• _Data shown_:
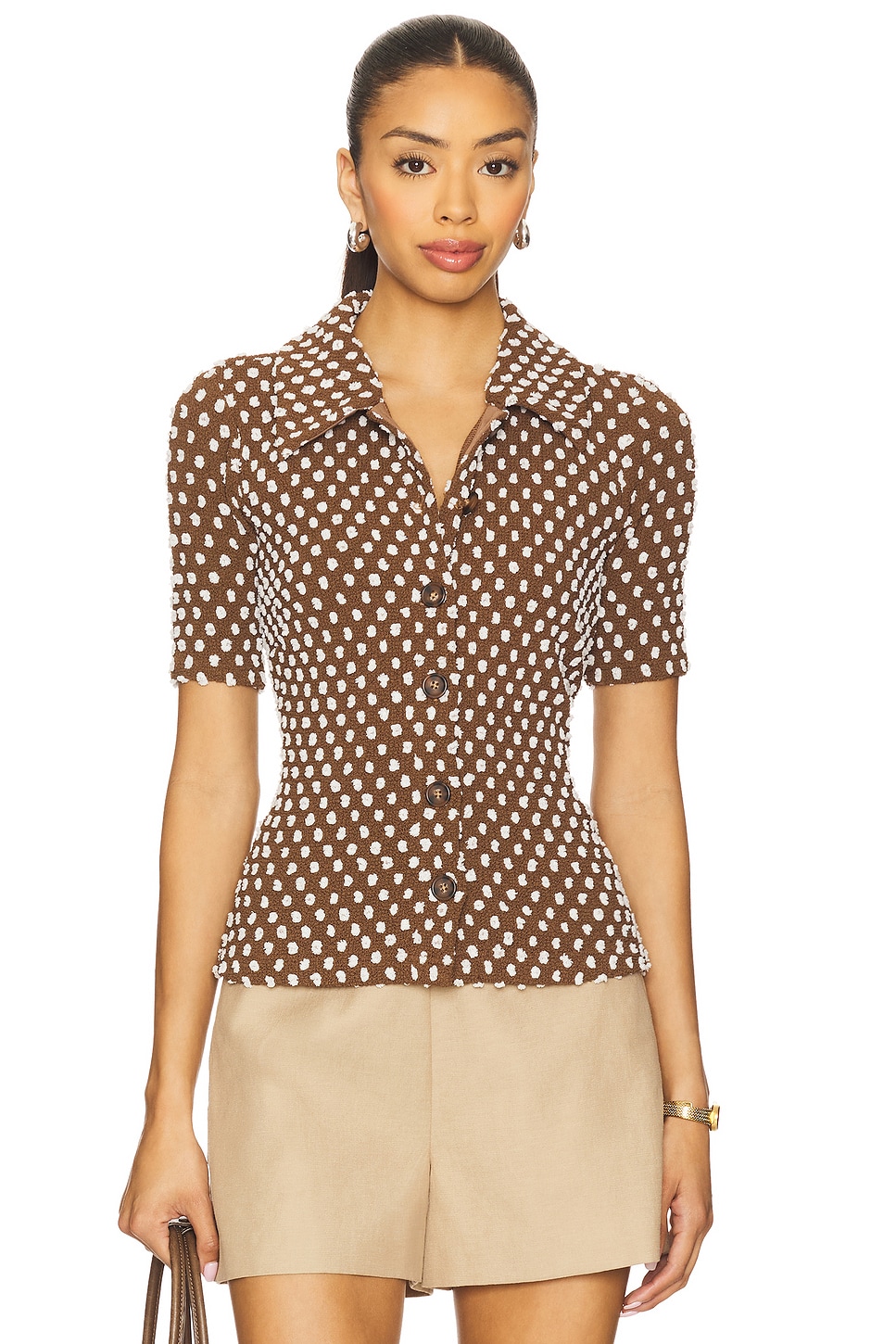 Maude Club TEDDY 숏슬리브 탑 in Brown & White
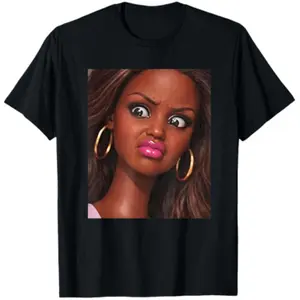 Funny Creepy Doll Face Meme Expression Hilarious Sarcastic T-Shirt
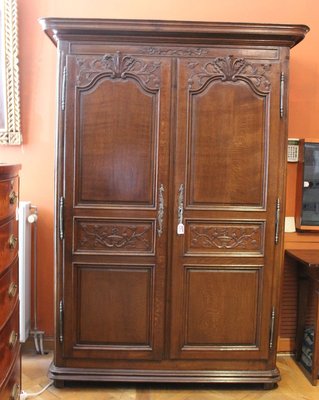 18th Century Louis XIV French Oak Wardrobe-HPU-728823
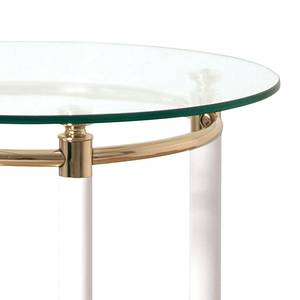 Table d'appoint Moselle I Acier / bois massif - Doré / Blanc brillant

• _Problem to solve_: Without the pictures, repeat exactly the lines running from the line containing "Funny Creepy Doll" through the end of the data, both ends included.

• _Reply_:
 Funny Creepy Doll Face Meme Expression Hilarious Sarcastic T-Shirt
 18th Century Louis XIV French Oak Wardrobe-HPU-728823
 Table d'appoint Moselle I Acier / bois massif - Doré / Blanc brillant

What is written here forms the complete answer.